Human recombinant soluble ACE2 protein reduced the infection of Vero cell cultures and of organoids, with SAR‐CoV‐2 in a dose‐dependent way. Soluble ACE‐2 has two possible modes of action: first as a receptor decoy. Second, since ACE2 is a lung protection factor which is removed from the cell membrane during virus entry, a soluble ACE‐2 could also confer increased lung protection. This concept was developed for SARS, and the soluble ACE‐2 protein has already undergone clinical safety trials, but it is unknown whether it has clinical efficacy (Monteil et al. , 2020).

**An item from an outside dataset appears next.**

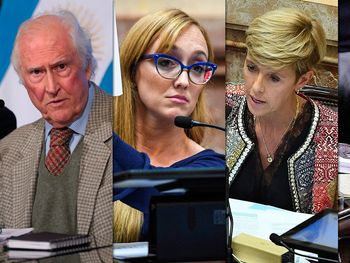 Por edad, sexo, región y partido: la postura de cada senador sobre el aborto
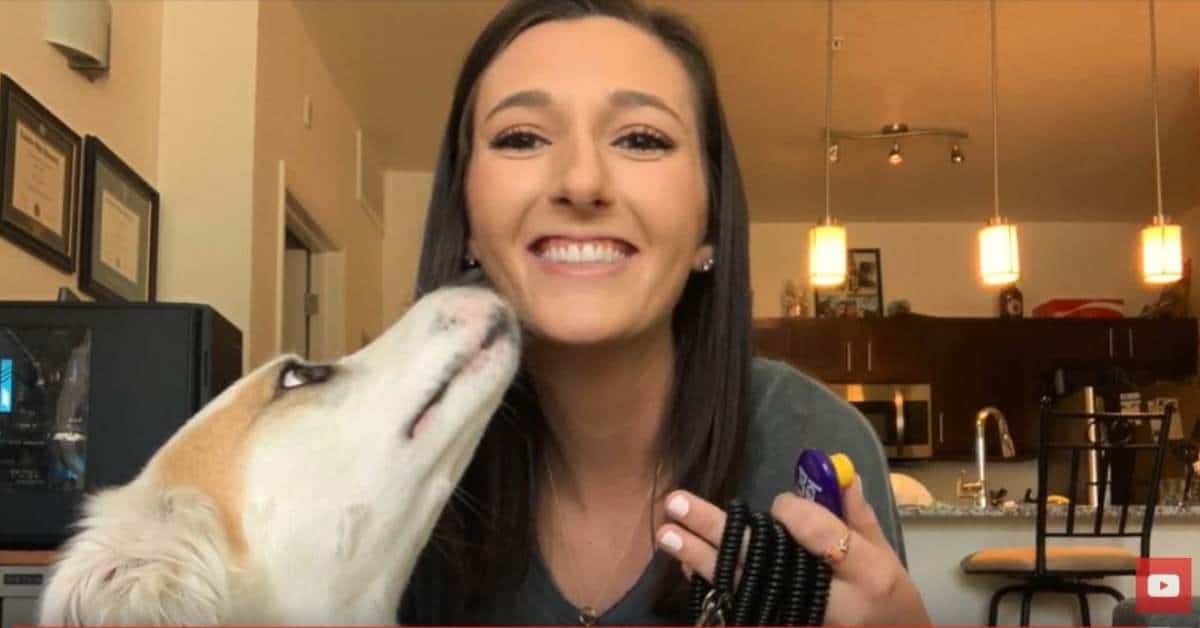 Featured image for “How to Clicker Train Your Dog-An Intro to Positive Reinforcement Based Training”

At the moment of the writing, we are still in the rising phase of the COVID‐19 pandemic, where we do not know where the human death toll (currently 161’000 victims) will finally level off. The economical and societal consequences cannot yet be assessed. The virus might well change our societies. If one lesson is already clear to the author of these lines, it is that it is time to create the infrastructure for a World Health Organization worthy of its name. The impact of the current pandemic shows that we cannot expect guidance and rescue from an organization having a budget only equal to that of the University Hospital of Geneva (2.5 vs. 1.9 billion $, respectively), which must merely serve a canton in a small country. Retrospectively, it is apparent that we have invested in the wrong societal insurance, military defence, but not defence of our health, and so we are now paying a heavy human and economic price for our limited foresight.